Last month saw this year’s edition of the MEMS Test and Reliability conference. And there are clearly numerous issues to be addressed. To be clear, that’s not to say, for example, that there are inherent device reliability issues. It’s just that testing and measuring aren’t nearly as obvious for MEMS as they are for ICs.
Two issues in particular caught my eye. The first was the relationship between wafer test and final/packaged test. In the IC world, there are certainly things that you can’t test at the wafer level – true performance being one of them (because the wafer card probes are horrible for super-fast signaling). But things are even tougher with MEMS.
First off, a true test of a mechanical device means mechanical actuation to test the response. And each type of MEMS device has some sort of testing fixture to allow that. “Shakers” or other mechanical contraptions are used both for testing and calibration – when the devices are diced and packaged. But they don’t work for wafers. (I don’t know how much things have changed since I tried reliably aligning 84 probes – a lot at the time – onto pads, but at least then, once they were down, you didn’t even breathe much less shake the damn thing…)
So that means that either you can’t test it or you need some other way of calibrating it. In fact, designers include actuation mechanisms so that they can emulate physical actuation at the wafer level. Some level of calibration at wafer sort is important for final test correlation – which I’ll come back to in a sec.
But before we get to final test, there’s one other major limitation at wafer sort for many MEMS devices: they need an ASIC, and most ASICs are on a separate die. So wafer testing must proceed without that ASIC. That places some significant limitations on what can be done – especially if the ASIC helps clean up a noisy analog signal that will only be made worse by clunky wafer probes. And there’s no real solution to this one in the offing unless you can bring the CMOS and MEMS together – typically envisioned as monolithic integration.

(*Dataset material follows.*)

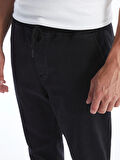 LCW Jeans SİYAH 780 Jogger Erkek Jean Pantolon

InvenSense has an alternative, with their Nasiri technique. There the CMOS and MEMS are built on separate wafers, but the two wafers are then bonded face-to-face; the “handle” wafer that carries the MEMS devices is then etched back to expose the external connections on the CMOS wafer. So you end up with a wafer that can be probed, and it has both the ASIC and MEMS together. This allows them to test much more at wafer sort, eliminating the extra cost of packaging up and testing dice that will be thrown away.
The other major issue affects not just wafer and final testing, but also final board assembly. These are physical devices, and they respond to physical stresses, and each “situ” is different. During wafer sort, probes press vertically on the wafer. At final test, a test jig or handler somehow grabs the package (exactly how depends on the package type). That results in different stresses on the package, and, unfortunately, the die inside the package is not mechanically isolated from those stresses.
So, especially for any piezoelectrics, you may have a correlation issue between wafer sort and final test. That’s why getting some calibration information at wafer sort is important – that can be used to adjust data acquired at final test.
But that’s not the end of it: that device will eventually be soldered down onto a board or placed in a socket, both of which will place yet different stresses on the device. So the measurements taken at final test won’t necessarily correlate with final in situ measurements, were those to be taken.
And this one, at present, has no known good solution. These are some of the issues that motivate self-calibration, but that has yet to be developed as a commercial solution.